An MCQ question on continuity.

Question

Let $f: \mathbb{R}\to\mathbb{R}$ be a continuous bounded function, then :

A. $f$ has to be uniform continuous.

B. There exists an $x\in\mathbb{R}$ such that $f(x)=x$

C. $f$ cannot be increasing.

D. $\lim_{x\to\infty} f(x)$ exists.

My attempt:

A counter-example for (D) can be $f(x)=\sin(x)$

Also (C) is not true. My example is

$f(x)= \mathbb{e}^x$ when $x\in (-\infty,0]\,\,\,\,\,$ ; and

$f(x)=2-\frac{1}{x+1}$ when $x\in (0,\infty)$

The function is bounded by $0$ and $2$.

Though I'd like you to give me a simpler example. This was the only thing that came to my mind.

Also i have no clue about $A$ and $B$

Though my intuition says, the correct choice is (B).
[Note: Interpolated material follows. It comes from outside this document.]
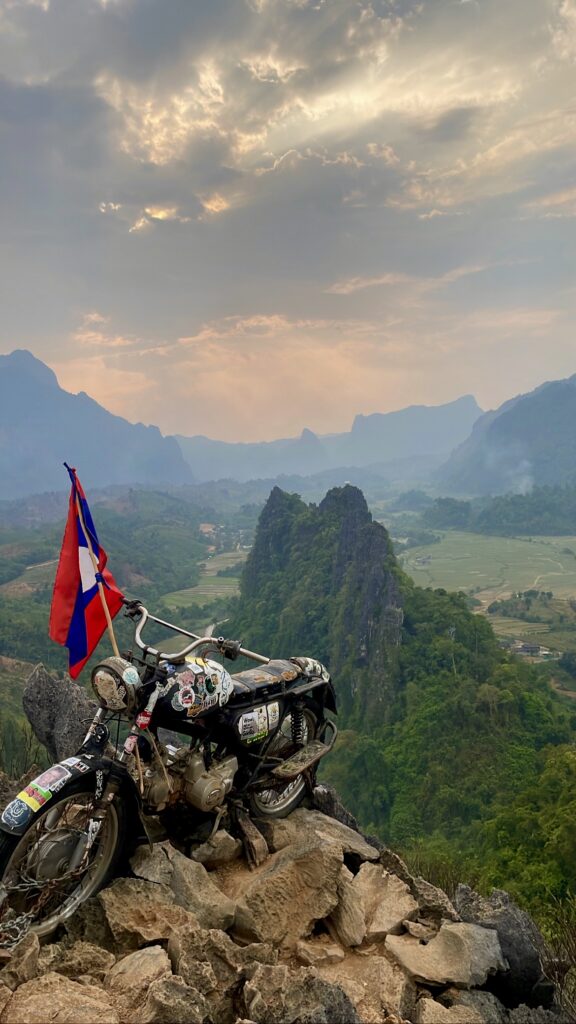 motorbike on a cliff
But you are not really allowed to "guess" in mathematics!!

Answer 1

A $f(x)=\sin x^2$

B Let $M$ be a bound for $f$, i.e. $|f(x)|<M$ for all $x$. Then for the continuous function $g(x)=f(x)-x$ we have $g(-M)>0$ and $g(M)<0$, hence by the IVT $g(x)=0$ (i.e. $f(x)=x$) for some $x\in(-M,M)$.

C $f(x)=\frac x{1+|x|}$

D $f(x)=\sin x$

Answer 2

• C. $x\mapsto \arctan x$ is increasing, continuous and bounded.
• B. By contradiction, assume (wlog) $f$ bounded and continuous such that $f(x) < x$ for all $x\in\mathbb{R}$ (indeed, $g\colon x \mapsto f(x)-x$ is continuous and never cancels, so it must be either always positive or always negative). Then $\lim_{x\to-\infty} f(x) = -\infty$, yielding a contradiction.
• A. $x\mapsto \sin x^2$ is not uniformly continuous.